Collected data

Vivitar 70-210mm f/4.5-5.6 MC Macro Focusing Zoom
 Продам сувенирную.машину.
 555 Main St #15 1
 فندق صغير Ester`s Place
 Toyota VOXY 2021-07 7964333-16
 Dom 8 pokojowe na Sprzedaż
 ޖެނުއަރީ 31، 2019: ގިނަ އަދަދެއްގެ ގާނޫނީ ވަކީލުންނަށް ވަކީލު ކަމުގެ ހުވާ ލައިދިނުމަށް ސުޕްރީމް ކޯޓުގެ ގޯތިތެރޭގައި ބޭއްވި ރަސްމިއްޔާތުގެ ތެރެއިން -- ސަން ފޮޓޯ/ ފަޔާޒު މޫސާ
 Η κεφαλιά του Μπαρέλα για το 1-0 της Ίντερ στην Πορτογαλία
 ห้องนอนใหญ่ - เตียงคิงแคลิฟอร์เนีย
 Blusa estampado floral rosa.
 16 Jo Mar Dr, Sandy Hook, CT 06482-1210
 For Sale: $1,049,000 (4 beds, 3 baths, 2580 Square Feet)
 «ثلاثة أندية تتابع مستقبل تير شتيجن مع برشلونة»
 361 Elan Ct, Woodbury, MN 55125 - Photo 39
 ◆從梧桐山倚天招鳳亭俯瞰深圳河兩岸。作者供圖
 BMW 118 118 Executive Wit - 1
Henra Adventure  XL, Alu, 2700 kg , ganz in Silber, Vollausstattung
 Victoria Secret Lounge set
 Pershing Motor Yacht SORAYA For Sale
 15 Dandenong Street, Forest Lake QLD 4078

_REQUIRED ACTION_
What lines of the preceding data include the string "Sale"? Pull them out.

_WRITTEN SOLUTION_
 For Sale: $1,049,000 (4 beds, 3 baths, 2580 Square Feet)
 Pershing Motor Yacht SORAYA For Sale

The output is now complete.